A graph database can be viewed as either a single (large) labeled graph (e.g. web) or a collection of labeled graphs (e.g., chemical molecules). By keygraph searching it is intended graph or subgraph matching in a graph database. Although (sub)graph-to-graph matching algorithms can be used for keygraph searching, efficiency considerations suggest the use of indexing techniques to reduce the search space and the time complexity especially in large databases. Keygraph searching in databases consists of three basic steps:

*1. *Reduce the search space by filtering. For a database of graphs a filter finds the most relevant graphs; for a single-graph database it identifies the most relevant subgraphs. In this work, the attention is restricted to filtering techniques based on the structure of the labeled graphs (paths, subgraphs). Since searching for subgraph structures is quite difficult, most algorithms choose to locate paths of node labels.
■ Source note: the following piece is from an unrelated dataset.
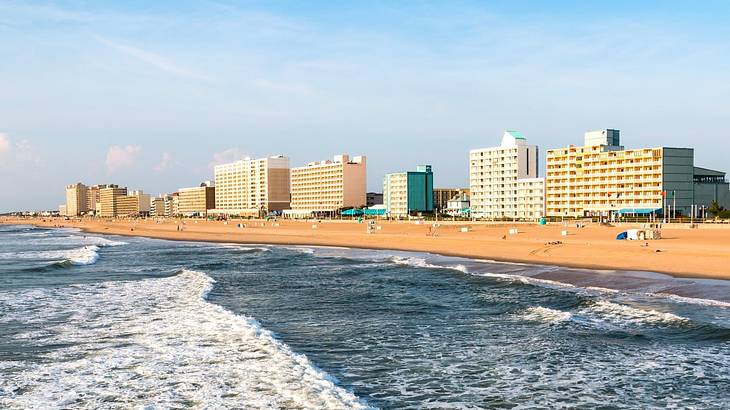 High-rise buildings overlooking a beach with shallow sea waves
*2. *Formulate query into simple structures. The query graph can be given directly as a set of nodes and edges or as the intersection of a set of paths. Furthermore the query can contain wildcards (representing nodes or paths) to allow more general searches. This step normally reduces the query graph to a collection of small paths.

*3. *Match. Matching is implemented by either traditional (sub)graph-to-graph matching techniques, or combining the set of paths resulting from processing the path expressions in the query through the database.